PORTool: Importance-Aware Policy Optimization with Rewarded Tree for Multi-Tool-Integrated Reasoning

arXiv cs.CL / 5/4/2026

💬 OpinionIdeas & Deep AnalysisModels & Research

Key Points

  • PORTool is an importance-aware policy-optimization method for multi-tool integrated reasoning agents that helps address credit-assignment ambiguity from outcome-only rewards.
  • The approach builds a rewarded rollout tree where trajectories share prefixes, allowing step-level comparisons of different tool-use decisions within the same context.
  • PORTool estimates the importance of each step using a correctness-dominant signal (whether descendants can reach a correct final answer) plus an auxiliary term for tool-call formatting and successful execution.
  • Experiments on tool-use reasoning show higher final-answer accuracy and fewer tool-call steps than existing policy-optimization baselines, with ablations supporting the robustness of the step-wise importance estimates.

Abstract

Multi-tool-integrated reasoning enables LLM-empowered tool-use agents to solve complex tasks by interleaving natural-language reasoning with calls to external tools.
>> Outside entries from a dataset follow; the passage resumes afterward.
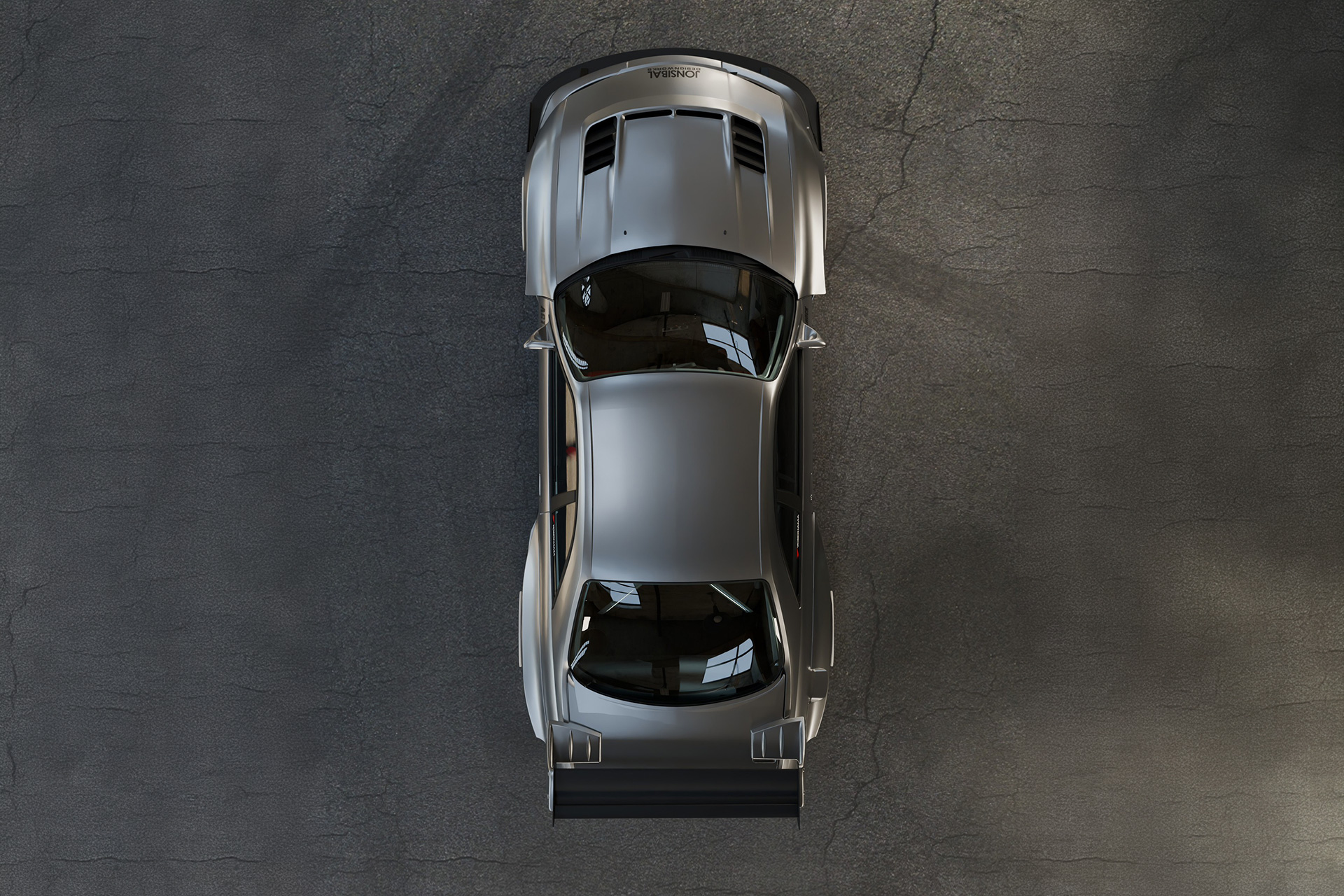 Top-down view of the Liberty Walk LB-Silhouette WORKS GT Nissan Skyline GT-R R33 showing the widebody fenders, vented hood, and large rear wing.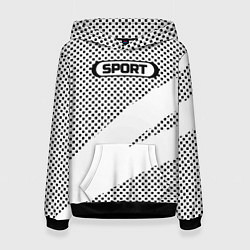 Женская толстовка Sport чёрно-белый с полосой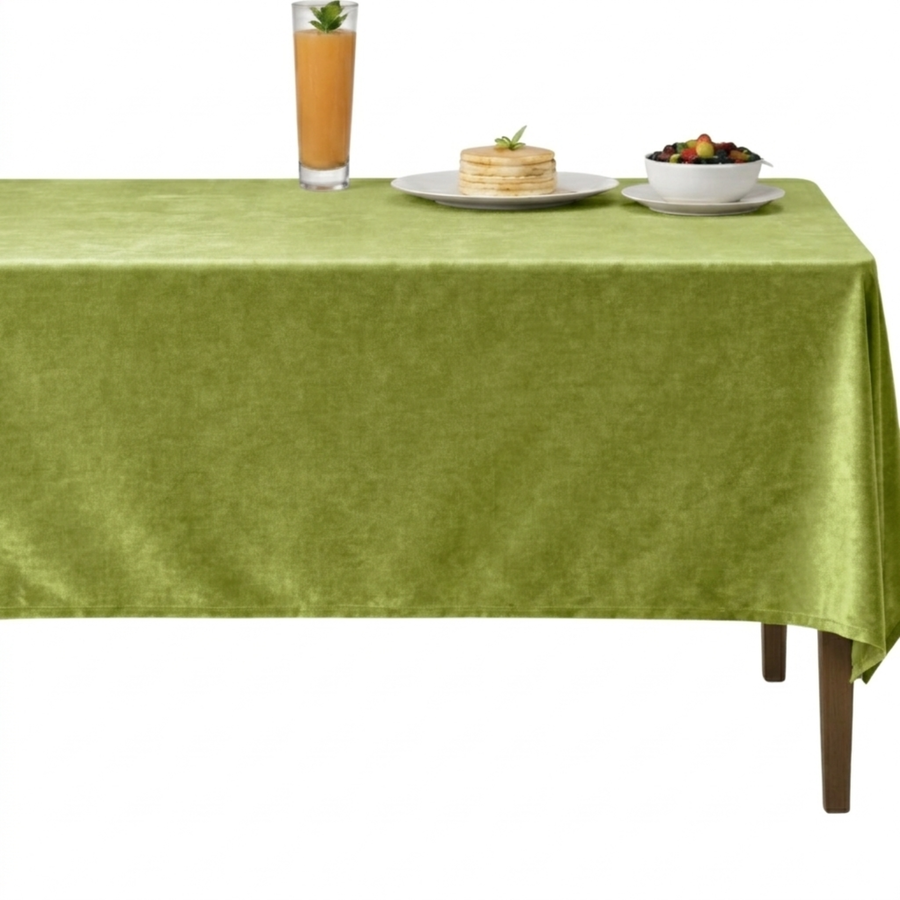 Velveteen72 Solid Plain Velvet Tablecloth – Olive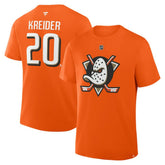 NHL Orange Chris Kreider Anaheim Ducks Fanatics Authentic Stack Name & Number T-Shirt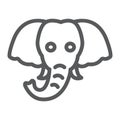 Elephant line icon, animal and zoo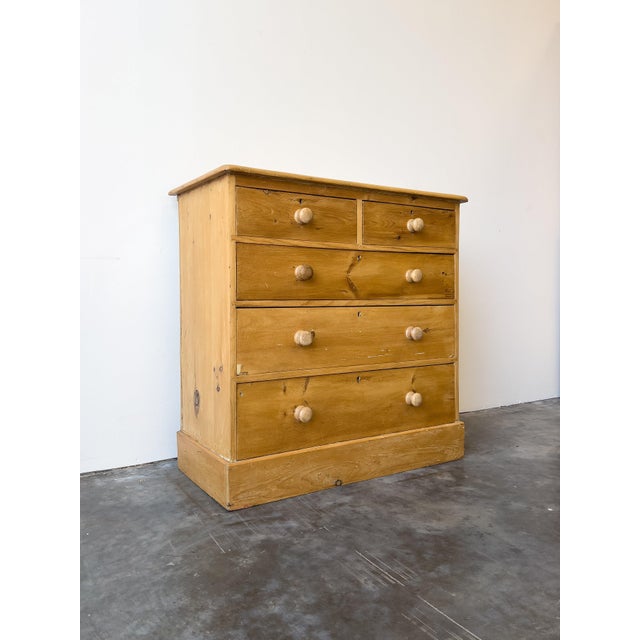 Antique English Pine Chest of Drawers With Block Plinth Base For Sale - Image 4 of 10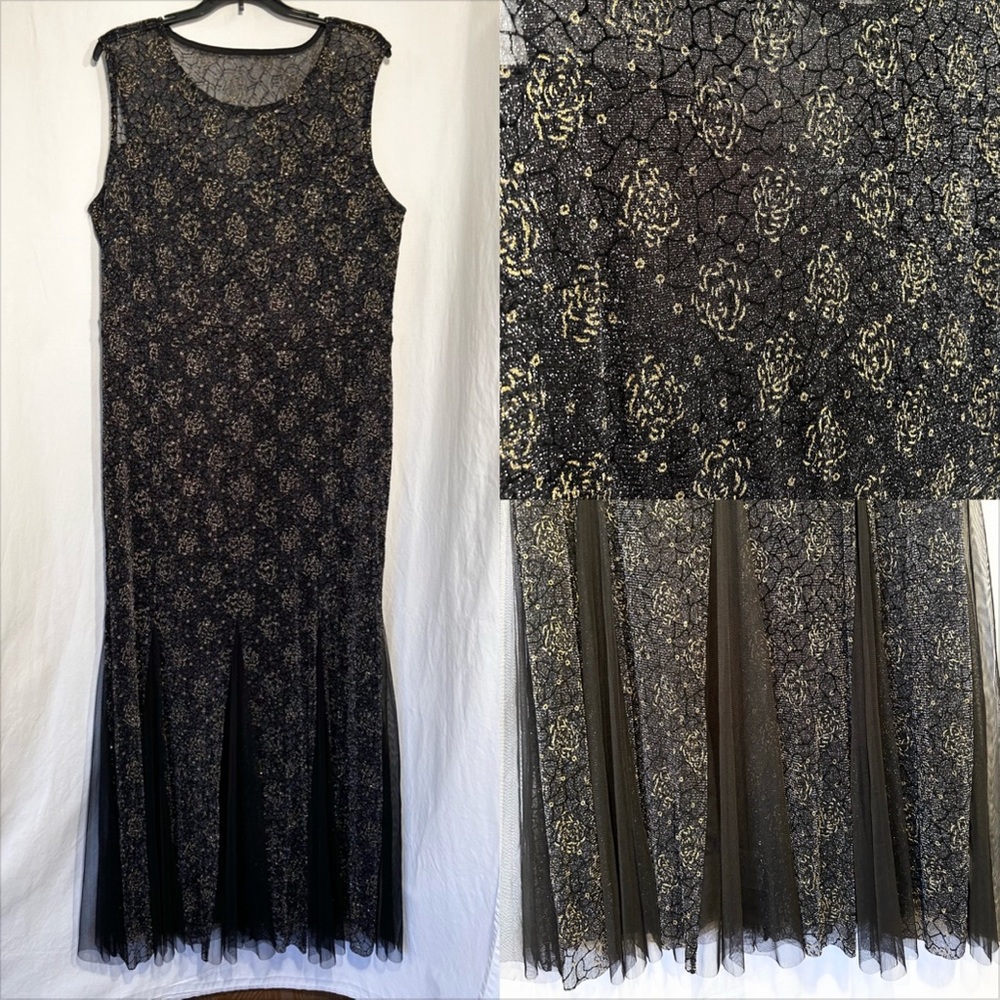 WOMENS 2XL XXL BLACK GOLD SILVER SPARKLE SLEEVELESS FORMAL STRETCH LONG DRESS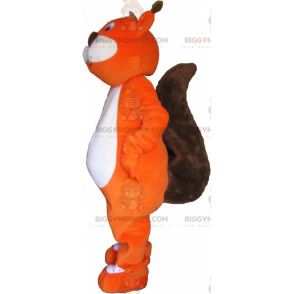 Jättioranssi ja ruskea orava BIGGYMONKEY™ maskottiasu -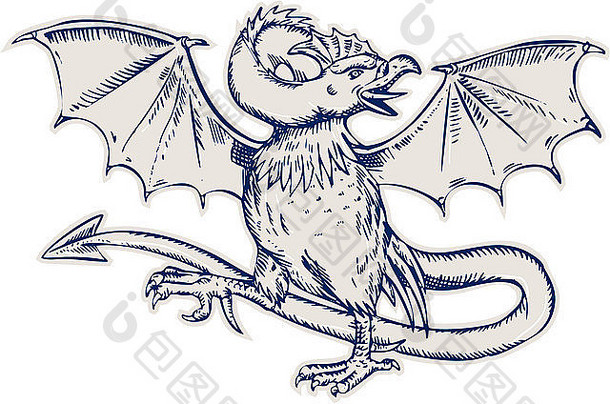 蚀刻手工制作的蛇怪、公鸡头、蝙蝠翅膀和蛇形尾部的插图，在孤立的背景上以箭头结束。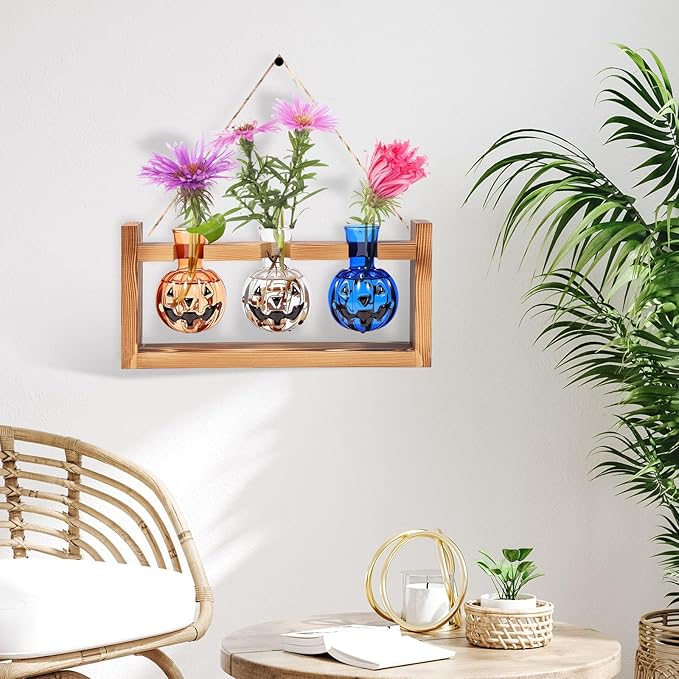 Mimorou Plant Propagation Stations Plant Terrarium with Wooden Stand Hydroponics Glass Vase Planter for Home Office Garden Table Decoration(Pumpkin)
However, training such agents from outcome-only rewards suffers from credit-assignment ambiguity, obscuring which intermediate tool-use decisions drive success or failure. In this paper, we propose PORTool, an importance-aware policy-optimization algorithm that reinforces agents' tool-use competence from outcome-level supervision while assigning reward at the step level. Specifically, PORTool generates a rewarded rollout tree in which trajectories share prefixes before branching, enabling direct comparisons among alternative tool-use decisions within the same context. It then estimates each step's importance by a correctness-dominant signal, i.e., whether descendants of that step can ultimately produce a correct final answer, plus an auxiliary term indicating whether the step's tool calls satisfy formatting constraints and execute successfully. Using these step-wise importance estimates, PORTool updates the policy to generate efficient tool-call steps, guided by both local comparisons within each branching decision and the overall quality of entire trajectories. Experiments show that PORTool improves final-answer accuracy while reducing tool-call steps compared with state-of-the-art policy-optimization baselines, and ablation studies confirm the robustness of the proposed step-wise importance estimates.